Crawled caption data =
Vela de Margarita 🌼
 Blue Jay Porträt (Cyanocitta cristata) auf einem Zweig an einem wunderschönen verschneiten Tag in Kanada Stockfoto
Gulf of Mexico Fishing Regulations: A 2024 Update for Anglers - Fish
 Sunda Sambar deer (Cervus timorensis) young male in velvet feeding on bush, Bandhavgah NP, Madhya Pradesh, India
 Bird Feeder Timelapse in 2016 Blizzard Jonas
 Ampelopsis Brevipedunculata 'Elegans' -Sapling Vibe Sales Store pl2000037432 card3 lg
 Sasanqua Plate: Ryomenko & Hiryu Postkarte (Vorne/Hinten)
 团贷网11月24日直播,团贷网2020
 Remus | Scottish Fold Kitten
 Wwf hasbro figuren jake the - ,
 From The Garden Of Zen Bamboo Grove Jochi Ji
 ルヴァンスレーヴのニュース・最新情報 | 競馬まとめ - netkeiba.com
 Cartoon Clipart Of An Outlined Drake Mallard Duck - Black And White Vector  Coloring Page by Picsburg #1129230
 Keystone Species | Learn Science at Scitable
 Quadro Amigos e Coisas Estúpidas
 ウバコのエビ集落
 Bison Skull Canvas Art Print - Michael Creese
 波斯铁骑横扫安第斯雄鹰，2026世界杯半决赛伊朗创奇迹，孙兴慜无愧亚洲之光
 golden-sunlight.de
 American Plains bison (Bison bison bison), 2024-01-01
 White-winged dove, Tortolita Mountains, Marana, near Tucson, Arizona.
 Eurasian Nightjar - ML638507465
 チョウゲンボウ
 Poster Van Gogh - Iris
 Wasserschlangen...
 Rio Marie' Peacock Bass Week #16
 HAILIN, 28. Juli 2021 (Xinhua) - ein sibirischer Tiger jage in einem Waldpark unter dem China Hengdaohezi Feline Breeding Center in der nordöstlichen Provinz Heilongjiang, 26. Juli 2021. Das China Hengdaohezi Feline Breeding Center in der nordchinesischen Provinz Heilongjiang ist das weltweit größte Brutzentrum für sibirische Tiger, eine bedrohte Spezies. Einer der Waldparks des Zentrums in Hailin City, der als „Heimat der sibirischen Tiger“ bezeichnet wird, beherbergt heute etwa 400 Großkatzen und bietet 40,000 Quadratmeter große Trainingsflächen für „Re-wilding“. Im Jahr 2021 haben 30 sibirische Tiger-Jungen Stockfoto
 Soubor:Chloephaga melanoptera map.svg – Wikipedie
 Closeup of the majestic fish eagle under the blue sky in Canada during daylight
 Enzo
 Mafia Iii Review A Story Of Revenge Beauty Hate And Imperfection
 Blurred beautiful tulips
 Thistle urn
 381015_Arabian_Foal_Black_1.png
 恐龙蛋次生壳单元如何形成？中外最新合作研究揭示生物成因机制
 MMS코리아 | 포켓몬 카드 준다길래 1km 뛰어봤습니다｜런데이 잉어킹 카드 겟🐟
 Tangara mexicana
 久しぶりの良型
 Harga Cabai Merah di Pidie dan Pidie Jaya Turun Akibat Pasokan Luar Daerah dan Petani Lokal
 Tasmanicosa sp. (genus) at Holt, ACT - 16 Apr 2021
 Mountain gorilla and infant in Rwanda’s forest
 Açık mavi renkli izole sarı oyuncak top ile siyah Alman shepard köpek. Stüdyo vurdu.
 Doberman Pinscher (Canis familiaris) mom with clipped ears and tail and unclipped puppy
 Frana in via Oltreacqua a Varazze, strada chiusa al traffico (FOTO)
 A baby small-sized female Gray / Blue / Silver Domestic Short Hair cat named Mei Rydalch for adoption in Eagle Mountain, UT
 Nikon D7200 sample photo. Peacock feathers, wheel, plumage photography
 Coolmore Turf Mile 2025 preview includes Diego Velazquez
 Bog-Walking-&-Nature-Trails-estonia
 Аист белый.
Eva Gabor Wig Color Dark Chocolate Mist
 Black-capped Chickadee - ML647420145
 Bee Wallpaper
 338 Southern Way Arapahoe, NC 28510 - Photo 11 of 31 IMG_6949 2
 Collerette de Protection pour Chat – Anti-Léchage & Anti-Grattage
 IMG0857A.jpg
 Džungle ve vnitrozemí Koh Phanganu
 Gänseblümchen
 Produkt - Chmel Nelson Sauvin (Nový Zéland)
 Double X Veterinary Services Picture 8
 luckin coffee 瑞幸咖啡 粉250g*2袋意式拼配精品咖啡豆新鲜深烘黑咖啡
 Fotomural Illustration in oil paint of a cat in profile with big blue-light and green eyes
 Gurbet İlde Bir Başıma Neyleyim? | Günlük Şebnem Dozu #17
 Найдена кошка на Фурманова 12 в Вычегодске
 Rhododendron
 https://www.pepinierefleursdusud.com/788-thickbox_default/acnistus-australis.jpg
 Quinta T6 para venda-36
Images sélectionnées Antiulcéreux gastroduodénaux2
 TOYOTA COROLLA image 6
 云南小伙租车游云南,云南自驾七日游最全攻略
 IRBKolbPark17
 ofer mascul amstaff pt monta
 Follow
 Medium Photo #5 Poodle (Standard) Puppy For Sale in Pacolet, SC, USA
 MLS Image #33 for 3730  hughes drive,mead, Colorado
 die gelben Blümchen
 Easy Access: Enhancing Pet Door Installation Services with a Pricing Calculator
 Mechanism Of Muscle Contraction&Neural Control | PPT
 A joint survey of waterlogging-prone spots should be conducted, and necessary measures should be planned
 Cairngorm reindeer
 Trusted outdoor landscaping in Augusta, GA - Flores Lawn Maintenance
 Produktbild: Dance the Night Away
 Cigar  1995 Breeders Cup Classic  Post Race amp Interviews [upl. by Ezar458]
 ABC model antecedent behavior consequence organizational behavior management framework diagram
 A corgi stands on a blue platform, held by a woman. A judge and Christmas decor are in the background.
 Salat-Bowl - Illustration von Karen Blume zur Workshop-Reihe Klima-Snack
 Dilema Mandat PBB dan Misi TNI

DESCRIPTION OF THE TASK = All of the records above are to be printed again exactly as they appear.

EXERCISE SOLUTION =
Vela de Margarita 🌼
 Blue Jay Porträt (Cyanocitta cristata) auf einem Zweig an einem wunderschönen verschneiten Tag in Kanada Stockfoto
Gulf of Mexico Fishing Regulations: A 2024 Update for Anglers - Fish
 Sunda Sambar deer (Cervus timorensis) young male in velvet feeding on bush, Bandhavgah NP, Madhya Pradesh, India
 Bird Feeder Timelapse in 2016 Blizzard Jonas
 Ampelopsis Brevipedunculata 'Elegans' -Sapling Vibe Sales Store pl2000037432 card3 lg
 Sasanqua Plate: Ryomenko & Hiryu Postkarte (Vorne/Hinten)
 团贷网11月24日直播,团贷网2020
 Remus | Scottish Fold Kitten
 Wwf hasbro figuren jake the - ,
 From The Garden Of Zen Bamboo Grove Jochi Ji
 ルヴァンスレーヴのニュース・最新情報 | 競馬まとめ - netkeiba.com
 Cartoon Clipart Of An Outlined Drake Mallard Duck - Black And White Vector  Coloring Page by Picsburg #1129230
 Keystone Species | Learn Science at Scitable
 Quadro Amigos e Coisas Estúpidas
 ウバコのエビ集落
 Bison Skull Canvas Art Print - Michael Creese
 波斯铁骑横扫安第斯雄鹰，2026世界杯半决赛伊朗创奇迹，孙兴慜无愧亚洲之光
 golden-sunlight.de
 American Plains bison (Bison bison bison), 2024-01-01
 White-winged dove, Tortolita Mountains, Marana, near Tucson, Arizona.
 Eurasian Nightjar - ML638507465
 チョウゲンボウ
 Poster Van Gogh - Iris
 Wasserschlangen...
 Rio Marie' Peacock Bass Week #16
 HAILIN, 28. Juli 2021 (Xinhua) - ein sibirischer Tiger jage in einem Waldpark unter dem China Hengdaohezi Feline Breeding Center in der nordöstlichen Provinz Heilongjiang, 26. Juli 2021. Das China Hengdaohezi Feline Breeding Center in der nordchinesischen Provinz Heilongjiang ist das weltweit größte Brutzentrum für sibirische Tiger, eine bedrohte Spezies. Einer der Waldparks des Zentrums in Hailin City, der als „Heimat der sibirischen Tiger“ bezeichnet wird, beherbergt heute etwa 400 Großkatzen und bietet 40,000 Quadratmeter große Trainingsflächen für „Re-wilding“. Im Jahr 2021 haben 30 sibirische Tiger-Jungen Stockfoto
 Soubor:Chloephaga melanoptera map.svg – Wikipedie
 Closeup of the majestic fish eagle under the blue sky in Canada during daylight
 Enzo
 Mafia Iii Review A Story Of Revenge Beauty Hate And Imperfection
 Blurred beautiful tulips
 Thistle urn
 381015_Arabian_Foal_Black_1.png
 恐龙蛋次生壳单元如何形成？中外最新合作研究揭示生物成因机制
 MMS코리아 | 포켓몬 카드 준다길래 1km 뛰어봤습니다｜런데이 잉어킹 카드 겟🐟
 Tangara mexicana
 久しぶりの良型
 Harga Cabai Merah di Pidie dan Pidie Jaya Turun Akibat Pasokan Luar Daerah dan Petani Lokal
 Tasmanicosa sp. (genus) at Holt, ACT - 16 Apr 2021
 Mountain gorilla and infant in Rwanda’s forest
 Açık mavi renkli izole sarı oyuncak top ile siyah Alman shepard köpek. Stüdyo vurdu.
 Doberman Pinscher (Canis familiaris) mom with clipped ears and tail and unclipped puppy
 Frana in via Oltreacqua a Varazze, strada chiusa al traffico (FOTO)
 A baby small-sized female Gray / Blue / Silver Domestic Short Hair cat named Mei Rydalch for adoption in Eagle Mountain, UT
 Nikon D7200 sample photo. Peacock feathers, wheel, plumage photography
 Coolmore Turf Mile 2025 preview includes Diego Velazquez
 Bog-Walking-&-Nature-Trails-estonia
 Аист белый.
Eva Gabor Wig Color Dark Chocolate Mist
 Black-capped Chickadee - ML647420145
 Bee Wallpaper
 338 Southern Way Arapahoe, NC 28510 - Photo 11 of 31 IMG_6949 2
 Collerette de Protection pour Chat – Anti-Léchage & Anti-Grattage
 IMG0857A.jpg
 Džungle ve vnitrozemí Koh Phanganu
 Gänseblümchen
 Produkt - Chmel Nelson Sauvin (Nový Zéland)
 Double X Veterinary Services Picture 8
 luckin coffee 瑞幸咖啡 粉250g*2袋意式拼配精品咖啡豆新鲜深烘黑咖啡
 Fotomural Illustration in oil paint of a cat in profile with big blue-light and green eyes
 Gurbet İlde Bir Başıma Neyleyim? | Günlük Şebnem Dozu #17
 Найдена кошка на Фурманова 12 в Вычегодске
 Rhododendron
 https://www.pepinierefleursdusud.com/788-thickbox_default/acnistus-australis.jpg
 Quinta T6 para venda-36
Images sélectionnées Antiulcéreux gastroduodénaux2
 TOYOTA COROLLA image 6
 云南小伙租车游云南,云南自驾七日游最全攻略
 IRBKolbPark17
 ofer mascul amstaff pt monta
 Follow
 Medium Photo #5 Poodle (Standard) Puppy For Sale in Pacolet, SC, USA
 MLS Image #33 for 3730  hughes drive,mead, Colorado
 die gelben Blümchen
 Easy Access: Enhancing Pet Door Installation Services with a Pricing Calculator
 Mechanism Of Muscle Contraction&Neural Control | PPT
 A joint survey of waterlogging-prone spots should be conducted, and necessary measures should be planned
 Cairngorm reindeer
 Trusted outdoor landscaping in Augusta, GA - Flores Lawn Maintenance
 Produktbild: Dance the Night Away
 Cigar  1995 Breeders Cup Classic  Post Race amp Interviews [upl. by Ezar458]
 ABC model antecedent behavior consequence organizational behavior management framework diagram
 A corgi stands on a blue platform, held by a woman. A judge and Christmas decor are in the background.
 Salat-Bowl - Illustration von Karen Blume zur Workshop-Reihe Klima-Snack
 Dilema Mandat PBB dan Misi TNI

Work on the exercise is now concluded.